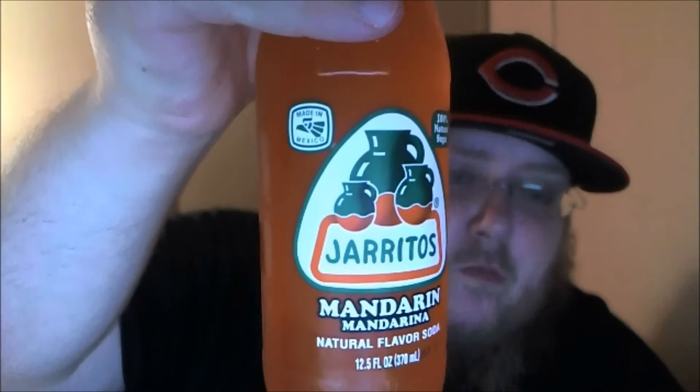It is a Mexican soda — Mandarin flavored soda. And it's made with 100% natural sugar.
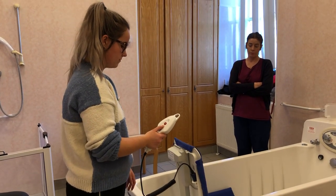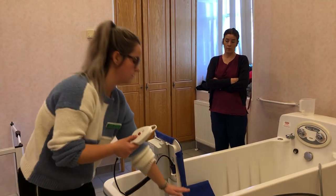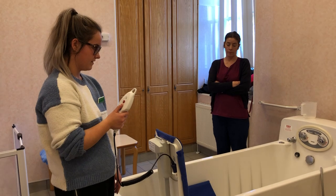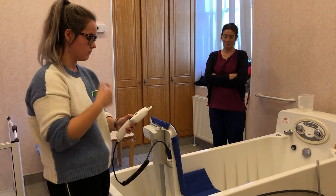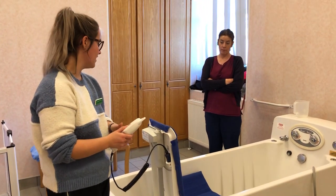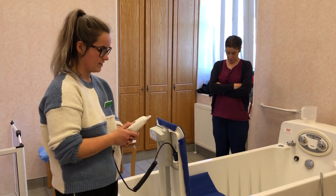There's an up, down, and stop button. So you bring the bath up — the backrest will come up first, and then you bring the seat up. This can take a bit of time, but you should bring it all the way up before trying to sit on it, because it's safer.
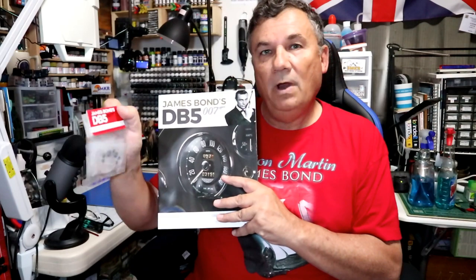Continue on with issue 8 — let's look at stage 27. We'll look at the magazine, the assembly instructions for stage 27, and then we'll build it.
◆ ◆ ◆
Exercise brief - Copy nothing but the lines from the top of the data down to the line containing "There's an up, down, and", and leave the pictures out.

Response -
It is a Mexican soda — Mandarin flavored soda. And it's made with 100% natural sugar.
There's an up, down, and stop button. So you bring the bath up — the backrest will come up first, and then you bring the seat up. This can take a bit of time, but you should bring it all the way up before trying to sit on it, because it's safer.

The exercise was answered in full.